▶ EXERCISE INSTRUCTIONS: Please output each line of the data exactly as it appears.

▶ EXERCISE DATA:

+ + + + + + +

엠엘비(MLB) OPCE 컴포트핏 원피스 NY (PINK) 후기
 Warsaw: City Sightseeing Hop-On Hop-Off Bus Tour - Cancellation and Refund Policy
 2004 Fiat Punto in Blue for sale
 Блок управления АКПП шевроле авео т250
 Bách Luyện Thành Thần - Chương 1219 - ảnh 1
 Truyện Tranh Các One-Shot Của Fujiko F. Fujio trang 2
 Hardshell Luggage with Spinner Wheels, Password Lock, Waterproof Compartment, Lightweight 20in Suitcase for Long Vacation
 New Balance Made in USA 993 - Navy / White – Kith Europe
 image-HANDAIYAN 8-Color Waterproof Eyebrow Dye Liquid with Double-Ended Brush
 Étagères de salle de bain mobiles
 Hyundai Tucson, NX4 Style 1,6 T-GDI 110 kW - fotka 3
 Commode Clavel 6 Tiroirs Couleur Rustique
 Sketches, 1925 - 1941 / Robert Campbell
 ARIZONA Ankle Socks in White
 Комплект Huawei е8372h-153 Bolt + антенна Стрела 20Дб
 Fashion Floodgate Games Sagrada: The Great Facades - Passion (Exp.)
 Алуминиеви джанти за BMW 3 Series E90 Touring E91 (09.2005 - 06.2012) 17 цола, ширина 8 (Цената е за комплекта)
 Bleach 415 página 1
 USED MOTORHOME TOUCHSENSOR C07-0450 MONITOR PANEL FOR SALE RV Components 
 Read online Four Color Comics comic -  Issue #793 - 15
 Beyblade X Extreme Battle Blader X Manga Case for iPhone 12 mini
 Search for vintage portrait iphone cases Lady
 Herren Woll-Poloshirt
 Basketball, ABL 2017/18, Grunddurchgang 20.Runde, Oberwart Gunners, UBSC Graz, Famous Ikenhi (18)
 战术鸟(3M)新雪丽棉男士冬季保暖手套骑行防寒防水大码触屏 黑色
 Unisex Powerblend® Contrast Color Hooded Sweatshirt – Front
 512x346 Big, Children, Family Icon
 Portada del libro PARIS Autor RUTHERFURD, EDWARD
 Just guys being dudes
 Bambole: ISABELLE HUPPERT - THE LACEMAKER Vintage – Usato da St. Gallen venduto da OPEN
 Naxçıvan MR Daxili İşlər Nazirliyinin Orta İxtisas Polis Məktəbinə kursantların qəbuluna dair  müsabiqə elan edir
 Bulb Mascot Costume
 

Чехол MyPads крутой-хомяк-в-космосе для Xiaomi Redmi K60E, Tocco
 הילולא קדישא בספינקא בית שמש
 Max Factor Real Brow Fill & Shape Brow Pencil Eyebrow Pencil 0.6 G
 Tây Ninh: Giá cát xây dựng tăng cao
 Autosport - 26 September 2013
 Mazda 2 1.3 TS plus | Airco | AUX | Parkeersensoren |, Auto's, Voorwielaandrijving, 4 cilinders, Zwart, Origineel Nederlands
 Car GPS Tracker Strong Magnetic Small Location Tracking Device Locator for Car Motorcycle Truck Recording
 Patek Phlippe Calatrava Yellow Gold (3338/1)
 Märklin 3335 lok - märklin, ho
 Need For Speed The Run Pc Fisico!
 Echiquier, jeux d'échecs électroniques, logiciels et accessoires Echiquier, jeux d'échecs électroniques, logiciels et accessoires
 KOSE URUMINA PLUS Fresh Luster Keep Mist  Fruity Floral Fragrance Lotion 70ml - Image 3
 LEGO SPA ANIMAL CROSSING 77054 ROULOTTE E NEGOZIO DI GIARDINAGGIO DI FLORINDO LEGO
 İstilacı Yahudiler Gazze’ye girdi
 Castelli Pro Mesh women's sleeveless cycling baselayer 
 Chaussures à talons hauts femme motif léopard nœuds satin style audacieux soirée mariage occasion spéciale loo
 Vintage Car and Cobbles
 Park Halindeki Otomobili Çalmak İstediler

+ + + + + + +

▶ EXERCISE RESULT:
엠엘비(MLB) OPCE 컴포트핏 원피스 NY (PINK) 후기
 Warsaw: City Sightseeing Hop-On Hop-Off Bus Tour - Cancellation and Refund Policy
 2004 Fiat Punto in Blue for sale
 Блок управления АКПП шевроле авео т250
 Bách Luyện Thành Thần - Chương 1219 - ảnh 1
 Truyện Tranh Các One-Shot Của Fujiko F. Fujio trang 2
 Hardshell Luggage with Spinner Wheels, Password Lock, Waterproof Compartment, Lightweight 20in Suitcase for Long Vacation
 New Balance Made in USA 993 - Navy / White – Kith Europe
 image-HANDAIYAN 8-Color Waterproof Eyebrow Dye Liquid with Double-Ended Brush
 Étagères de salle de bain mobiles
 Hyundai Tucson, NX4 Style 1,6 T-GDI 110 kW - fotka 3
 Commode Clavel 6 Tiroirs Couleur Rustique
 Sketches, 1925 - 1941 / Robert Campbell
 ARIZONA Ankle Socks in White
 Комплект Huawei е8372h-153 Bolt + антенна Стрела 20Дб
 Fashion Floodgate Games Sagrada: The Great Facades - Passion (Exp.)
 Алуминиеви джанти за BMW 3 Series E90 Touring E91 (09.2005 - 06.2012) 17 цола, ширина 8 (Цената е за комплекта)
 Bleach 415 página 1
 USED MOTORHOME TOUCHSENSOR C07-0450 MONITOR PANEL FOR SALE RV Components 
 Read online Four Color Comics comic -  Issue #793 - 15
 Beyblade X Extreme Battle Blader X Manga Case for iPhone 12 mini
 Search for vintage portrait iphone cases Lady
 Herren Woll-Poloshirt
 Basketball, ABL 2017/18, Grunddurchgang 20.Runde, Oberwart Gunners, UBSC Graz, Famous Ikenhi (18)
 战术鸟(3M)新雪丽棉男士冬季保暖手套骑行防寒防水大码触屏 黑色
 Unisex Powerblend® Contrast Color Hooded Sweatshirt – Front
 512x346 Big, Children, Family Icon
 Portada del libro PARIS Autor RUTHERFURD, EDWARD
 Just guys being dudes
 Bambole: ISABELLE HUPPERT - THE LACEMAKER Vintage – Usato da St. Gallen venduto da OPEN
 Naxçıvan MR Daxili İşlər Nazirliyinin Orta İxtisas Polis Məktəbinə kursantların qəbuluna dair  müsabiqə elan edir
 Bulb Mascot Costume
 

Чехол MyPads крутой-хомяк-в-космосе для Xiaomi Redmi K60E, Tocco
 הילולא קדישא בספינקא בית שמש
 Max Factor Real Brow Fill & Shape Brow Pencil Eyebrow Pencil 0.6 G
 Tây Ninh: Giá cát xây dựng tăng cao
 Autosport - 26 September 2013
 Mazda 2 1.3 TS plus | Airco | AUX | Parkeersensoren |, Auto's, Voorwielaandrijving, 4 cilinders, Zwart, Origineel Nederlands
 Car GPS Tracker Strong Magnetic Small Location Tracking Device Locator for Car Motorcycle Truck Recording
 Patek Phlippe Calatrava Yellow Gold (3338/1)
 Märklin 3335 lok - märklin, ho
 Need For Speed The Run Pc Fisico!
 Echiquier, jeux d'échecs électroniques, logiciels et accessoires Echiquier, jeux d'échecs électroniques, logiciels et accessoires
 KOSE URUMINA PLUS Fresh Luster Keep Mist  Fruity Floral Fragrance Lotion 70ml - Image 3
 LEGO SPA ANIMAL CROSSING 77054 ROULOTTE E NEGOZIO DI GIARDINAGGIO DI FLORINDO LEGO
 İstilacı Yahudiler Gazze’ye girdi
 Castelli Pro Mesh women's sleeveless cycling baselayer 
 Chaussures à talons hauts femme motif léopard nœuds satin style audacieux soirée mariage occasion spéciale loo
 Vintage Car and Cobbles
 Park Halindeki Otomobili Çalmak İstediler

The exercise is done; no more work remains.